Current solution offers the following:
- 1-line setup (CURL -XPOST .... ) in a cron and you're good to go.
- Highly segregated: (if I can manage to move the files automatically) a hacker who compromise node x will only have access to an empty OC account...
- Firewall is setup on the backup server only as files are pushed from nodes to the OC endpoint.

The points in OwnCloud's FAQ are invalid in this user case as each archive is kept (e.g. database-2017-01-01.sql , database-2017-01-02.sql etc.), is only used by 1 admin and is replicated in the background (e.g. even if owncloud doesn't work or corrupts the file, we can pull them back from Amazon Glacier and the likes).

When looking at different solutions and trying lots of them, OC actually seemed the best backup solution for an IT infrastructure that's expanding quickly. It is easy to setup (1-click run on most cloud providers and server providers) and offers a working GUI out of the box.

I will try what @hodyroff mentions, see how it integrates. The problem I see is that a hacker with an OC account (e.g. server-007) will have read capacity of all the files in the shared folder so it doesn't help much.
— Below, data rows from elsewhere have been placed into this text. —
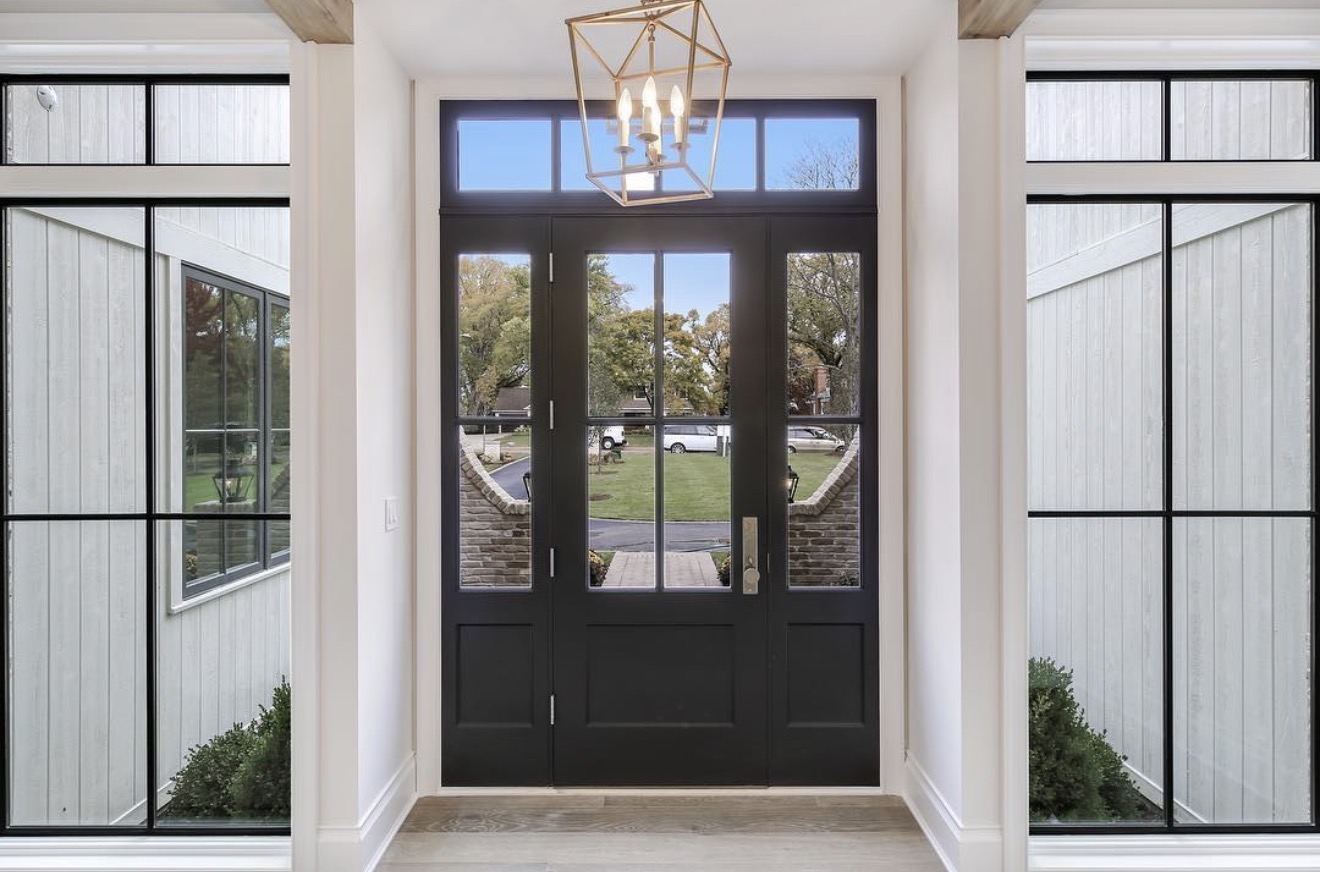 Tailored dark entry door framed by sidelights
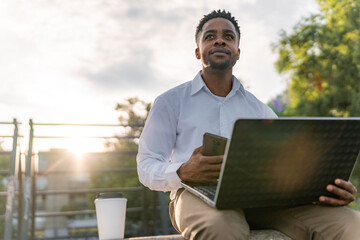 After a tiring day at work, a young businessman sits by the riverside, engrossed in his mobile phone and laptop, checking the social media platforms he frequents.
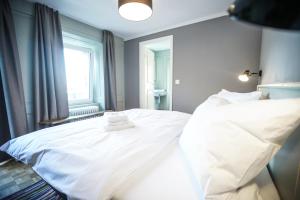 Postel nebo postele na pokoji v ubytování B&B Zum Schleif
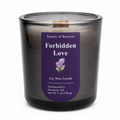A dark gray smoky glass jar candle with a purple label reading 'Forbidden Love' by Scents of Reverie, on a white background.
I really think there's a 5-line PHP script that we can pull off and run in a cron, even if it's ugly

Forgive my necromancy, but I just want to add some counter points for anyone considering going down the same path as OP, and maybe educate OP if he hasn’t learned what I’m about to share.

RE: Cons of rsync:

  • Most Linux distros have rsync installed by default.
  • You only need to “configure” rsync per-server if using daemon mode with the backup server pulling from each backup client.
  • If your backup server is pulling from backup clients, you mitigate hackers getting into the backup server from compromised clients. If you have backup clients pushing to the backup server, then configure ssh to heavily restrict the session.
  • You’re assuming rsync daemon mode with backup server pulling from clients. If you have the backup server pulling via ssh, I’m pretty sure you already have that port open. If you’re pushing from clients with rsync (in any mode) then you only have to configure the backup server’s firewall.

RE: Current solution:

  • You can 1-line rsync without the daemon.
  • Read up on sshd_config to learn how to segregate the rsync solution if sending files from backup clients, it would be far more powerful than what you’re suggesting. Key directives to study would be Match, ChrootDirectory, and ForceCommand. You may also find documentation about the authorized_keys file useful. You could probably even restrict the backup clients to pushing the current backup and block them from altering or reading existing backups, though that may require some scripting.
  • Again, you assume you need an rsync daemon running. With you mentioning AWS, if these systems are EC2 instances, you could have created a backup-client security group and applied it to each client server (you can have 4 each iirc). In any case, this is a non-issue.

I had the same question in my mind. Considering the use case is it a right software?